3.  Incorporation process to be simplified

Rule 38 of Companies (Incorporation) Rules, 2014 provides for SPICe (Simplified Proforma for Incorporating Company electronically) form for incorporating a company. This is considered to be a welcome step as this simplified procedure would save the time of incorporation of a company.

The Fourth amendment rules notified on 1st October 2016 and Fifth amendment notified on 29 Dec 2016 came in to force from 1st January 2017 provides for much simpler SPICe form, now known as E-Form SPICe (Form INC-32).

SPICe now integrates into single application  – reservation of name, allotment of Directors Identification Number (DIN). It can be filled without having DIN already, by maximum three directors.

The company is allotted Permanent Account Number (PAN) and Tax Deduction Account Number (TAN) and Certificate of Incorporation (CIN) on completion of form and processing by ROC. The PAN number is printed on CIN.

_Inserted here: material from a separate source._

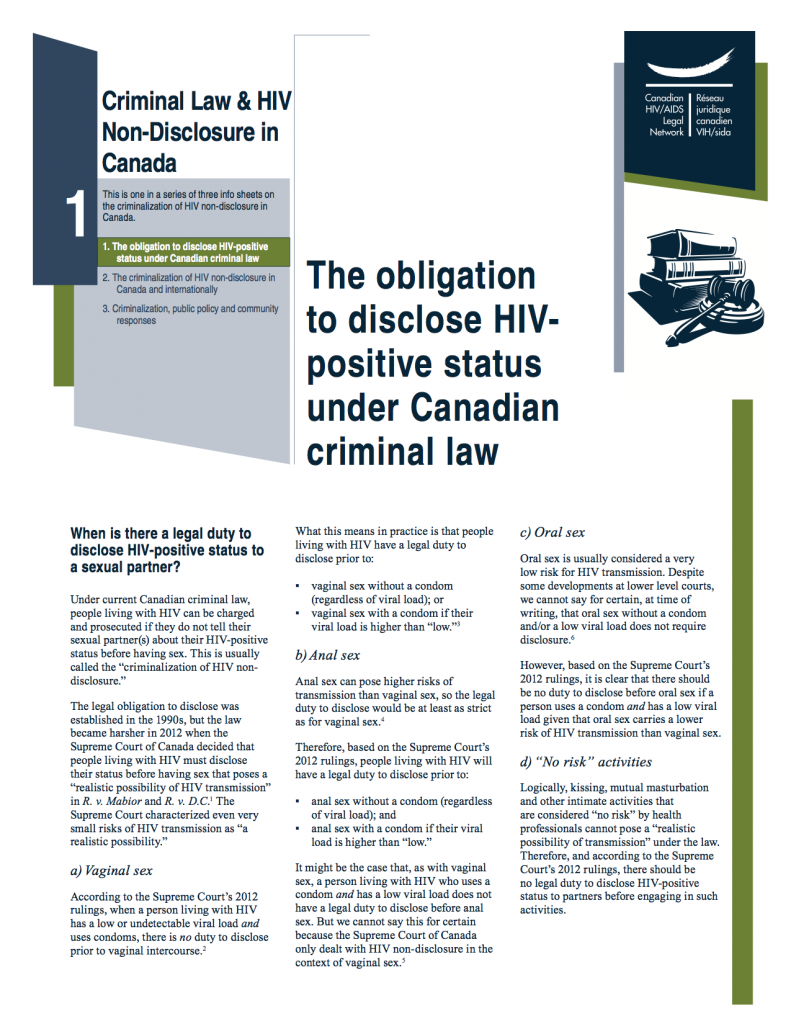 criminal law regarding hiv disclosure criminal law regarding hiv disclosure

For details visit MCA FAQ at http://www.mca.gov.in/MinistryV2/spice_faqs.html

4. Provisions permitting outbound or Cross-Border

MCA has notified Section 234 of the Companies Act 2013 (2013 Act) which permits cross-border mergers with effect from 13 April 2017. MCA has also notified relating amendments to the Companies (Compromises, Arrangements and Amalgamations) Rules 2016 (Merger Rules) by inserting a new Rule 25A to be effective on and from 13 April 2017.

The provisions now permit cross-border mergers both ways.

  1. Inbound – Foreign company merging into Indian company
  2. Outbound – Indian company merge into a foreign company.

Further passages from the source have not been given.